I am writing using a very similar pattern to the Event Repository posted by James Nugent. As far as requests per second, it’s hard to say. My command queue receives many thousands per second. As of now Event Store would never catch up. These events are pretty tiny e.g. a few KB.

As others have said this seems to be related to the storage writer and the amount of time it takes to do a round trip to disk (common if your storage is remote).

A few questions:

  1. Are you on Mono or .NET?

  2. If you use the Test Client which comes with the ES binaries and try a “WRFL” (write flood), what sort of performance is reported? This should identify whether it’s a problem in the client side code or at the server end.

  3. Can you post the code you’re using to drive it? If you don’t want to post your code publically feel free to email it to me (james [at] geteventstore.com) and I’ll take a look and see if I can see anything that might be causing this.

Cheers,

James

  1. .NET

  2. I haven’t used the Test Client. Easy to get up and running?

  3. The code is very close to the repository you posted. I did a little refactoring, but only on the api side and not EventStore interaction.

Something is definitely not right. Hopefully it’s something server side. The drives are definitely local. Monitoring the system nothing is close to fully utilized.

Run eventstore.testclient.exe … Type wrfl 10 100000 at prompt. What does it print? What about just wr?

According to what you said, your one write request consists of 500 events few kilobytes each. That means that each write request is about few megabytes. So if you have 15 req/s your write throughput is around few dozen megabytes per second, not that bad, actually. So, here are few questions and suggestions to make picture more clear:

  1. Do you make simultaneous write requests or simultaneous. Especially in case of simultaneous requests, some of your requests can timeout as server is busy handling other requests. That will cause ClientAPI to automatically retry operation, reducing successful req/s number,

  2. Could you try to send events with smaller batches, say 50 (or maybe even 20).

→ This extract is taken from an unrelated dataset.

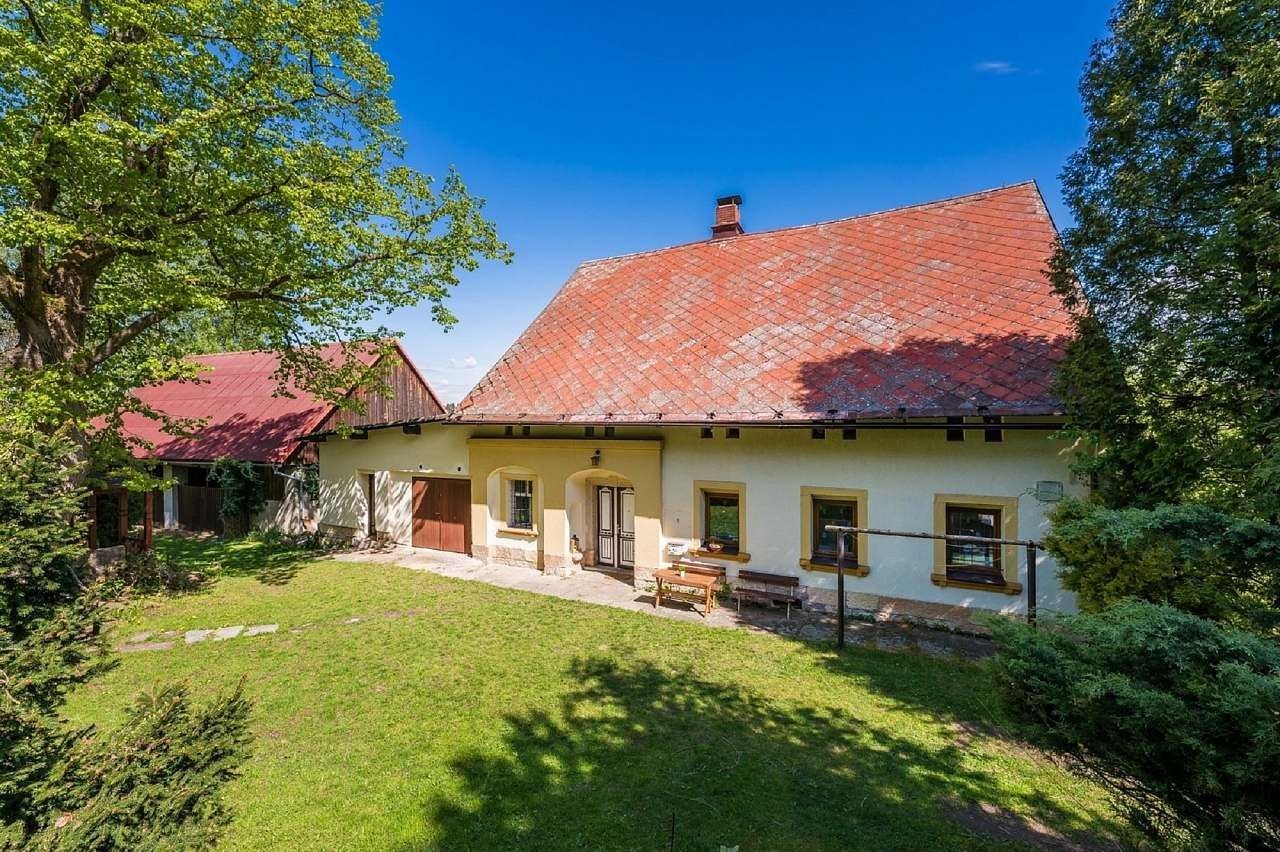 Chaty, Vysoká Srbská, Královéhradecký kraj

  3. If you are running dev build, there are --prepare-timeout and --commit-timeout switches, which you could try to set to something bigger than default 2 second. Say, set 20000 ms for both commit and prepare.

Please, let us know if there is any positive effect.

I’ve attached the the output.

eventstore-TestClientOutput.txt (4.51 KB)

This has the event store doing 10000 transactions/second maybe you can send up your measurement code that has it at 15/second?

No, I am with you. The code I have is pretty much what James has posted. Is the 500 that Andrii is referring to the WritePageSize in James’ event store repository?

I should probably clarify the 15/s. That wasn’t a direct write performance number for Event Store, but the messages off the queue. There is very little processing overhead besides reading events streams and appending.

Can you post?

As Greg says, If you can either post (or email if it’s not public) the code you’re using to drive it we might be able to spot what’s going on - from the output of the test client it looks like the event store itself is performing fine on your hardware.

Thanks,

James

Thanks gents. I’ll do some more tests. The only other place that makes sense it RabbitMQ. I’ve never had any trouble with it before.

Interestingly things are just as slow taking RabbitMQ completely out of the equation. Quite odd.